That has been the focus of the Task Force for a Trustworthy Future Web. Announced in December last year (EiM #184), the 40-strong group of industry experts has quickly gone about trying to define "the current components that make up both the immersive and digital information ecosystem(s) and the field working to make them healthier and safer".
Last week, following five months of interviews, expert roundtables, thematic discussions, document reviews, and briefings, the Task Force published its report, "Scaling Trust on the Web". There's a lot to chew over: it contains eight key findings, five recommendations and advocates for "investments in systems-level solutions" that both support trust and safety workers and the internet users they protect. All sensible stuff.
Kat Duffy is a Resident Senior Fellow at the Digital Forensic Research Lab (DFRLab) and also the director of the Task Force for a Trustworthy Future Web. She kindly agreed to answer a few questions I had about the report and its main themes. I hope you enjoy her answers.
This interview has been lightly edited for clarity.
One thing that I found different about the Task Force compared to other similar initiatives is the inclusion of corporates (platforms but also vendors). Why was that important?

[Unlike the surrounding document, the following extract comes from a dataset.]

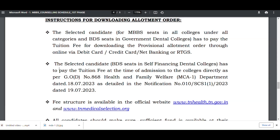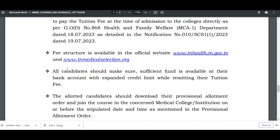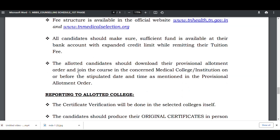For BDS seats in self-financing dental college, the tuition fee admission process applies. The fee structure is available on the official websites: www.tnhealth.tn.gov.in and www.tnmedicalselection.org.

Platforms and vendors bring tremendous knowledge to the table that hasn’t always been easily accessible. Platforms - and by extension the vendors that platforms hire to support broader trust and safety goals - also have access to the largest data sets, some of the most cutting-edge tooling innovations, and vast amounts of raw data. People who sit inside industry understand the nuts and bolts of different digital builds and the implications of distinct, highly technical choices.
Moreover, trust and safety practitioners inside companies choose to run towards a problem when they see it and to seek solutions. They are the natural allies of those outside industry who are also fighting for safer, more trustworthy, and more useful online spaces, and we believed it was critical to explain their perspective and articulate the complexity of their work.

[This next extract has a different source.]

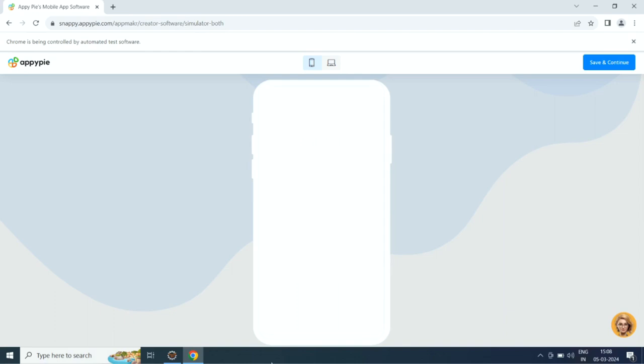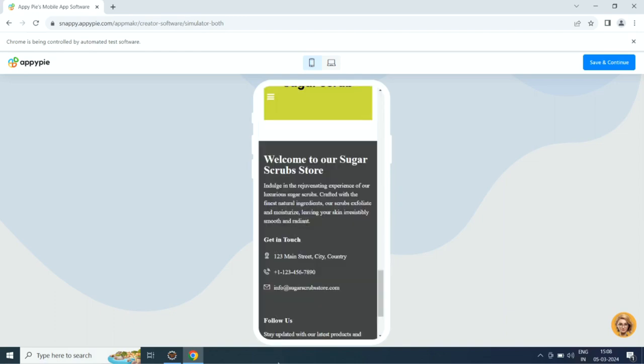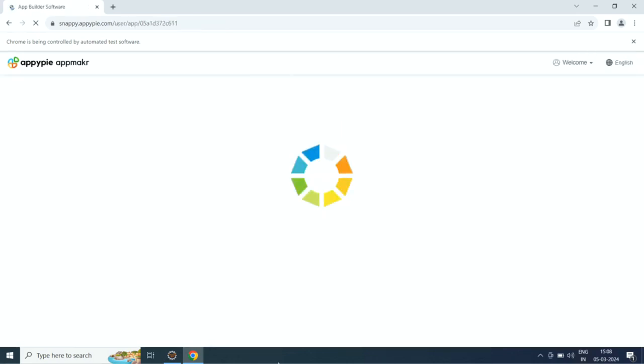If you want, you can customize the app to your liking from the app edit section. When you are all set, click publish to launch your app.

Vendors also bring a unique perspective because they can see broader trends that are playing out across companies. The vendor community is often invisible to those outside industry, despite vendors being essential to even the largest platforms’ trust and safety efforts. We felt it was important to clarify their role and to identify and illuminate the incentives at play for them as companies themselves.
Moreover, trust and safety teams and vendors constantly navigate broader drivers and incentives structures that undermine building safer, more trustworthy spaces online - like a C-Suite not being required to care, or private equity demonstrating limited interest in trust and safety investments. The more that we can surface that reality, the more we can move towards a more grounded foundational analysis of the challenges at hand, and an understanding of the solutions that could be most effective.
Finally, it is worth noting that we did not seek out representatives of the biggest platforms to join the Task Force. That was a design choice. There is a world of innovation, design, and challenge that exists within smaller to medium-sized companies, and we wanted the Task Force to capture that level of granularity because it is often overlooked.
You highlight gaming as an important area to understand if we are to grasp how digital spaces might evolve. Can you explain why gaming and not, say marketplaces or dating?
We prioritized gaming because we think it’s an under-examined industry with particular relevance to future online spaces, and one that isn’t adequately understood across a broad spectrum of stakeholders, including policymakers, media, civil society, and academia. That’s not to say that folks aren’t looking at gaming; they have been. But the gaming industry tends to be treated as something separate from, rather than a part of, the broader information ecosystem.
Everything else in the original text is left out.